━━━ Data excerpts ━━━

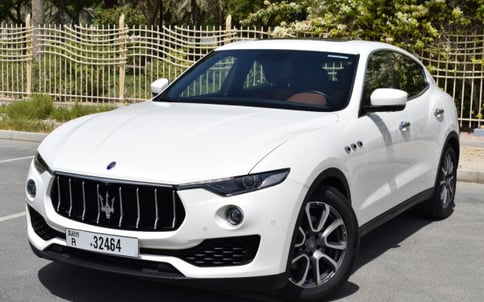 白色 Maserati Levante, 2019 迪拜汽车租凭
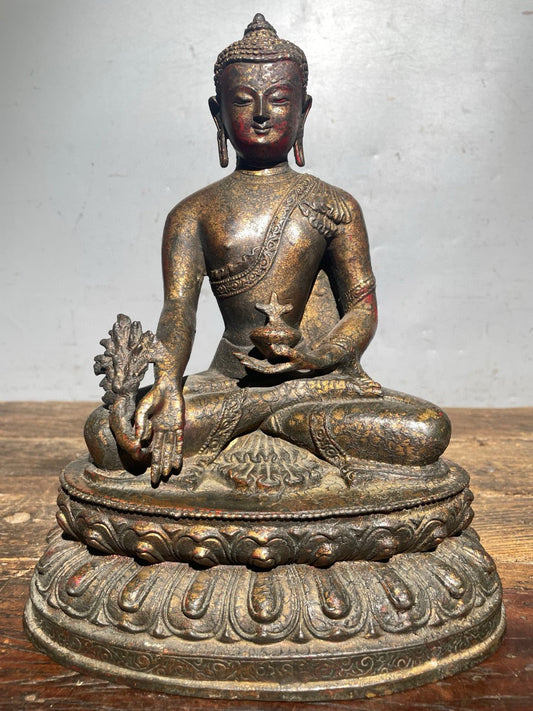 Chinese antique pure copper statue of Shakyamuni Buddha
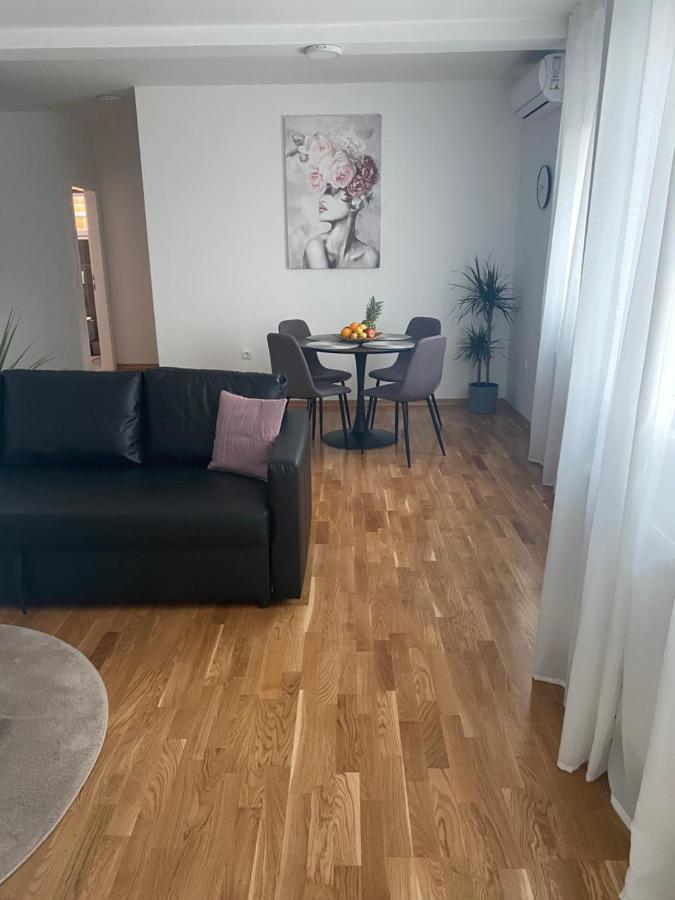 Penthouse West S Varaždin Exterior foto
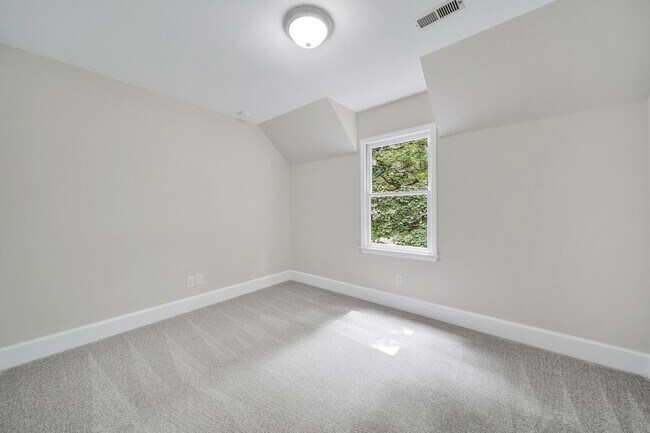 Building Photo - Beautiful Five Bed Three and Half Bath Hom...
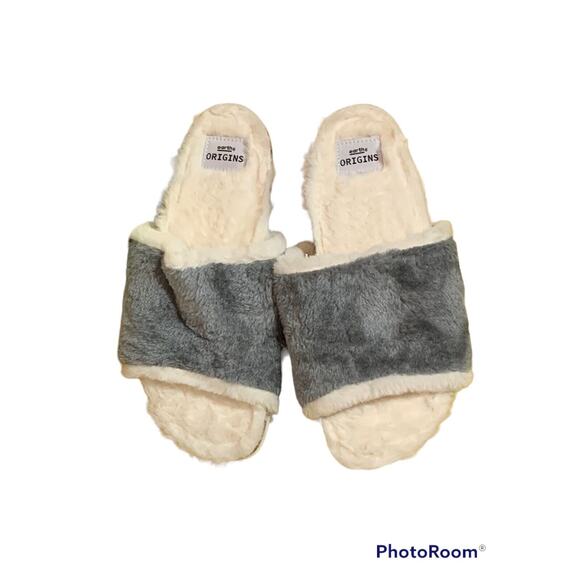 EARTH ORIGINS Women's Olli Cozy House Slippers Frost Gray 9 M - Picture 2 of 4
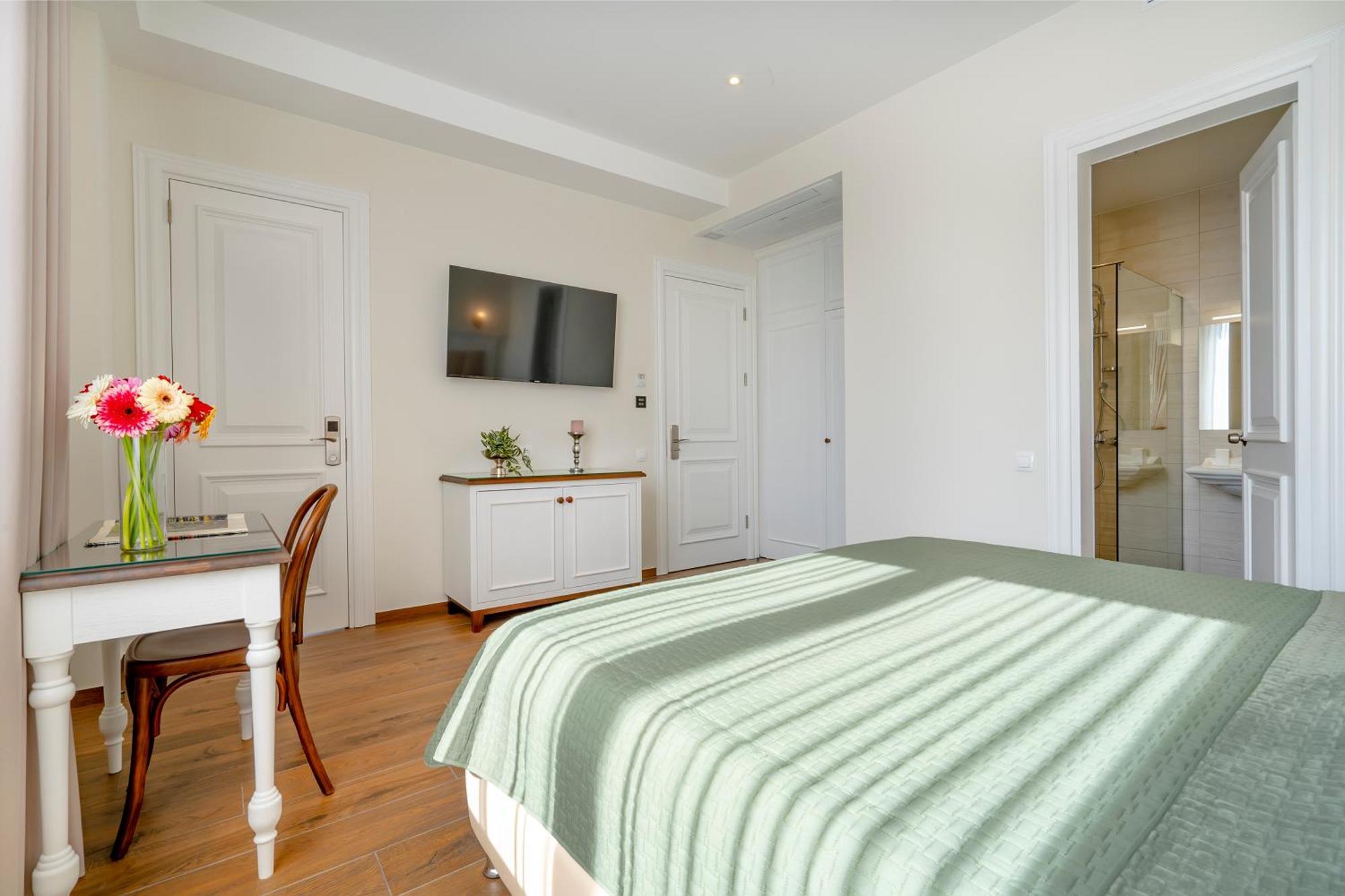 Iris Hotel تبليسي المظهر الخارجي الصورة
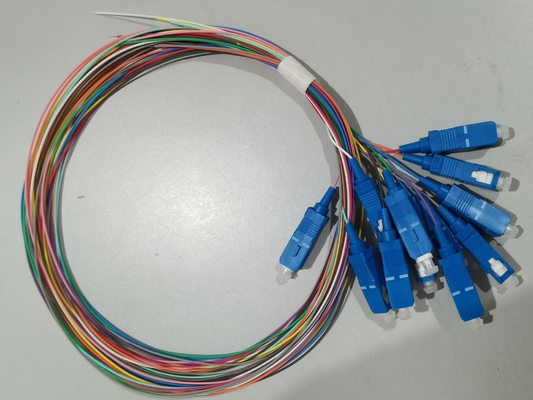 منتجات FTTH خنزير ذيل الألياف الضوئية SC/PC 0,9 مم 12 ألوان 1,5 M G.652D G657a1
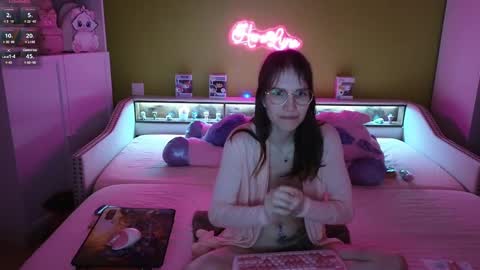 Snapshot of heraluna_ chatting on February 14, 11:09 pm HeraLuna  online show from February 14, 11:09 pm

━━━

Reproduce every record verbatim, please. Omit the images.

 白色 Maserati Levante, 2019 迪拜汽车租凭
 Chinese antique pure copper statue of Shakyamuni Buddha
 Penthouse West S Varaždin Exterior foto
 Building Photo - Beautiful Five Bed Three and Half Bath Hom...
 EARTH ORIGINS Women's Olli Cozy House Slippers Frost Gray 9 M - Picture 2 of 4
 Iris Hotel تبليسي المظهر الخارجي الصورة
 منتجات FTTH خنزير ذيل الألياف الضوئية SC/PC 0,9 مم 12 ألوان 1,5 M G.652D G657a1
 Snapshot of heraluna_ chatting on February 14, 11:09 pm HeraLuna  online show from February 14, 11:09 pm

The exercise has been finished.